El
cristianismo con su poder divino se había encargado de transformar el mundo
antiguo en mundo nuevo, y pronto hizo sentir su influjo por todas partes y en
todas las cosas. La educación y la instrucción recibieron grande impulso, y
presentaron nueva faz conforme con el destino presente y futuro del hombre.
El
espíritu del Evangelio penetraba en la sociedad, y a medida que se extendían
sus saludables doctrinas, las escuelas y establecimientos paganos debían
someterse, por fin, a la cultura cristiana.
Desde
el siglo IV hasta el VI fueron inundadas por los bárbaros casi todas las
provincias romanas. Reinaba la desolación por doquiera; a los males que
procedían de fuera se agregaban los que eran efecto de las particiones del imperio,
de las guerras contra los usurpadores, de impuestos insoportables y de la
manera de recaudarlos. Las necesidades, del presente, la incertidumbre del
porvenir, que a todos angustiaba, entorpecían los progresos de las ciencias aun
en los intervalos de la paz. La escasez del tesoro público no permitía a los
emperadores sostener los establecimientos de educación; los pueblos carecían de
los medios necesarios de atender a tales servicios y las escuelas
desaparecieron insensiblemente.
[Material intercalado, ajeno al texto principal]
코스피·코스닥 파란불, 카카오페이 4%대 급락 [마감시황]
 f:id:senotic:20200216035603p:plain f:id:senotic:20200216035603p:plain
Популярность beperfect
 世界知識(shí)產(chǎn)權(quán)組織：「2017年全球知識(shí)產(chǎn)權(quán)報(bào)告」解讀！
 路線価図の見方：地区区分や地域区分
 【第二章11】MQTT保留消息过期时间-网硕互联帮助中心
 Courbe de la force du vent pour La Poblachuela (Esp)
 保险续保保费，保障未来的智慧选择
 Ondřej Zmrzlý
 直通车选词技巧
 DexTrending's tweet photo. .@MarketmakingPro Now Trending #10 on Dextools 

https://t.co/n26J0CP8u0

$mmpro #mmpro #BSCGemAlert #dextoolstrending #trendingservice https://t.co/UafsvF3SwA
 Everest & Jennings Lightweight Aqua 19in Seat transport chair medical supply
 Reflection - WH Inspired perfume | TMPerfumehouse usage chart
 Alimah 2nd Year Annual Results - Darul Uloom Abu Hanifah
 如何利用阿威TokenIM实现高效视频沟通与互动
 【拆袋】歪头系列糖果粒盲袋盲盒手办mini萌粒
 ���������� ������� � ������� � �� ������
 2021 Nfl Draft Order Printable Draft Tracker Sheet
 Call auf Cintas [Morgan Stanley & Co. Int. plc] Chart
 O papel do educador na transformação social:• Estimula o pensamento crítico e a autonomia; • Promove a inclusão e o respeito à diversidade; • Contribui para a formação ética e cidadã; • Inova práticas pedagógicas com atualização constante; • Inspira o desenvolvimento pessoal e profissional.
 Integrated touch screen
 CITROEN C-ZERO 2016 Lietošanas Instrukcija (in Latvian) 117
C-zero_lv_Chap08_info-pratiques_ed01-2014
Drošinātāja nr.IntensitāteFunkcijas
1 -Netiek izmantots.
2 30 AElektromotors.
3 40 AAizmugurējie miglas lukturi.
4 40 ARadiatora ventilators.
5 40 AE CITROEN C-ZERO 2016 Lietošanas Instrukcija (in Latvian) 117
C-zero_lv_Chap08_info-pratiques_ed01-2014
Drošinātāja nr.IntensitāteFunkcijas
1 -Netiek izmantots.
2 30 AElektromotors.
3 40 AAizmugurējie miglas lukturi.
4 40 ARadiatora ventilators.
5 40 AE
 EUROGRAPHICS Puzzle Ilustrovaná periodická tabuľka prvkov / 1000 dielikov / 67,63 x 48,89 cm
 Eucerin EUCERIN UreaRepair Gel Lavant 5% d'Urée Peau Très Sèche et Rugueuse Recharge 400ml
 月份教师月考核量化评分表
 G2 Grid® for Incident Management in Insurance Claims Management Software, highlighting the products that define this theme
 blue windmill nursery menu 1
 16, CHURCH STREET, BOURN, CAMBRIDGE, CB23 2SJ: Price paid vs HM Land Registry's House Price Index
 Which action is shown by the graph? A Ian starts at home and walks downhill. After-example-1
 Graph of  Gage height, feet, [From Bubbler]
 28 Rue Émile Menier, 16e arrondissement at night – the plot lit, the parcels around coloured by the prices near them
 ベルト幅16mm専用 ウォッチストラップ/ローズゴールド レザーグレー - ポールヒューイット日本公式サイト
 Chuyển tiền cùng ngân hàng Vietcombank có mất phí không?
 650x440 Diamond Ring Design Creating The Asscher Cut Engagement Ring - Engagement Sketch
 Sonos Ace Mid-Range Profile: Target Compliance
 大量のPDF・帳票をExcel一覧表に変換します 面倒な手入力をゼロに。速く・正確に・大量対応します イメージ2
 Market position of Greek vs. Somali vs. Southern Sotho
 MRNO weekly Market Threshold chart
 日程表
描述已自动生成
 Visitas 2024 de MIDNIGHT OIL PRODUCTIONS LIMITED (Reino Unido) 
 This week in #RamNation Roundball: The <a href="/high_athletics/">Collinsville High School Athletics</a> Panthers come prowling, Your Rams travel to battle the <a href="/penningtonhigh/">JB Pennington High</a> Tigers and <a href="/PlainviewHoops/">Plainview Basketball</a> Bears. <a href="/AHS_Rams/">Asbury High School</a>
Sin embargo, los hijos de los cristianos debían
instruirse en la religión, y los que aspiraban al estado eclesiástico debían
prepararse también para su carrera.
El
influjo del cristianismo disponía a pensar en las cosas del cielo, a penetrarse
del espíritu de amor y a avanzar en el terreno de la verdad. La Iglesia con su
disciplina destruía insensiblemente las costumbres brutales, haciendo que el
espíritu predominase a las fuerzas y agilidad del cuerpo. Todas estas
circunstancias y el espirito caballeresco que se desarrolló más tarde,
contribuyeron en gran manera a los progresos de la civilización en aquella
época.
Los
franciscanos y dominicos establecieron también escuelas en la edad media para
los aspirantes a la orden, y otras distintas para cuantos querían
frecuentarlas. Escribieron también algunas obras superiores a las empleadas
hasta entonces, y como, sus escuelas estaban en las ciudades, quedaron
desiertas las de los benedictinos, aunque las de estos eran superiores.
Desde
el siglo XII se establecieron escuelas en los pueblos bajo la vigilancia de las
autoridades locales. Estas escuelas sin embargo no diferían gran cosa de las de
los conventos, pues que estaban reducidas al estudio de memoria, a causa del
grande precio de los libros y el papel. El maestro, auxiliado a veces por los
discípulos de mayor edad, recitaba la lección hasta que la mayoría la aprendía
de memoria y la explicaba después bien o mal. Cuando disminuyó el precio del
papel, se adoptó el método del dictado. En suma, no diferían estas escuelas de
las del clero sino en la forma exterior, y servían asimismo, por lo común, para
formar eclesiásticos. Decidida la creación de una escuela, se construía un
edificio, se fijaba la dotación del maestro y la retribución de los niños, y se
nombraba un rector de entre el clero, y la autoridad civil no se cuidaba más de
la escuela. Entonces el rector nombraba auxiliares pertenecientes también al
clero, y estos eran los encargados de la enseñanza. En el siglo XIV los
discípulos de más edad viajaban para frecuentar diversos establecimientos, y
esta costumbre, que al principio tuvo por objeto adquirir una educación más
esmerada, degeneró por último en una vida vagabunda; así que estas escuelas
destruyeron las de los conventos sin contribuir en nada a los progresos de las
ciencias. La educación de la masa del pueblo en aquellos tiempos era casi nula.
Los estudios clásicos introdujeron después cierta libertad de espíritu, y con
ella cambios notables en la educación y enseñanza, los cuáles bajo el influjo
del cristianismo prepararon los progresos del porvenir.